In most American universities, the entry level for academics is Assistant Professor, then there's Associate Professor, then full Professor. All of these people are called Professor. So, in the US, I was Professor Lynneguist, but in the UK, I'm just Doctor Lynneguist. In the US, a student might ask another Who's your biology professor? But in the UK, one would ask Who's your tutor for biology?
In AmE, a tutor is generally understood to provide private tuition. (That sounds ambiguous in AmE, since tuition in America usually refers to (BrE) school/university fees. Tutors provide tutoring or tutelage--not fees!) When I was a (BrE) postgrad/(AmE) grad student, I was a logic tutor for student athletes--meaning I helped them understand the lectures that had gone over their heads. In the UK I am a tutor in that I am the person getting paid and doing most of the talking in the classroom--the one whose lectures might go over the students' heads. The (American) RateMyTutor site is about people who provide private lessons to school children.

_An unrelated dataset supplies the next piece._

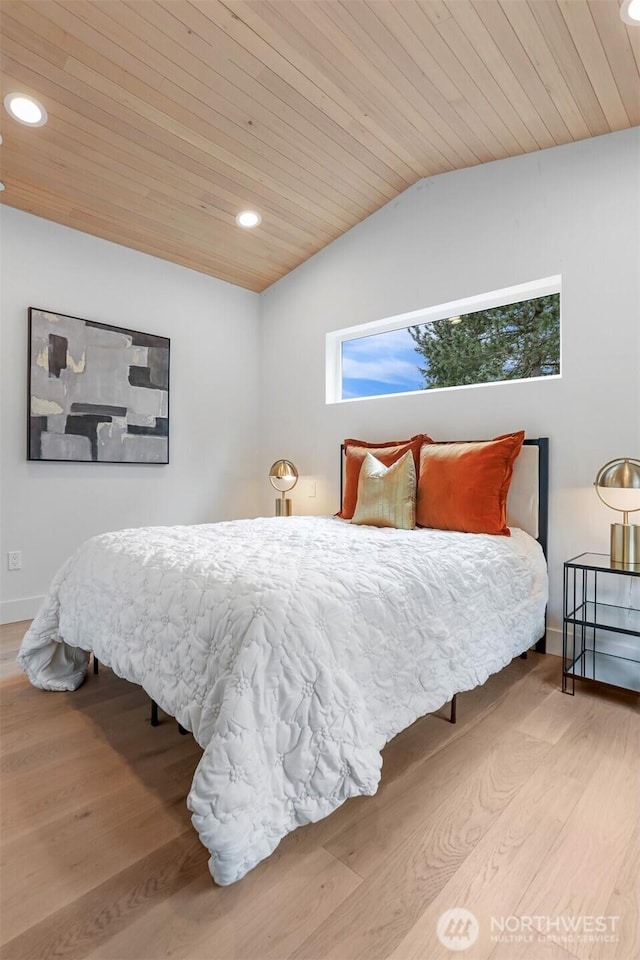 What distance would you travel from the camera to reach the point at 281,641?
3.87 feet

That reminds me of another thing... Lesson in AmE most often refers to the kind of thing that a private tutor might do. One has piano lessons and flying lessons, etc. School teachers make lesson plans, and may refer to the mathematical part of the day as the math(s) lesson, but once the (AmE) students/(BrE) pupils are old enough to have different teachers for different lessons, the lessons tend not to be referred to as lessons in AmE, but instead are called classes. (This ends up being ambiguous, as the class could be the activity or the group of students.) I thus find it strange when my BrE-speaking students refer to my lectures or seminars as lessons (as in: Could you send me the notes from yesterday's lesson? I had to miss it because my housemate was having her poodle dyed and the bath flooded and ruined my bus ticket so I had to stay at home and watch Countdown instead.). It sounds oddly childish to my ear.
As of this moment, no one has bothered to rate me on that professor-rating site. I simultaneously consider myself lucky and feel a little hurt.
P.S. A second-hand addition to the Canadian count: someone else wondered to Better Half whether I was Canadian. We're now into double-digit Canadian count.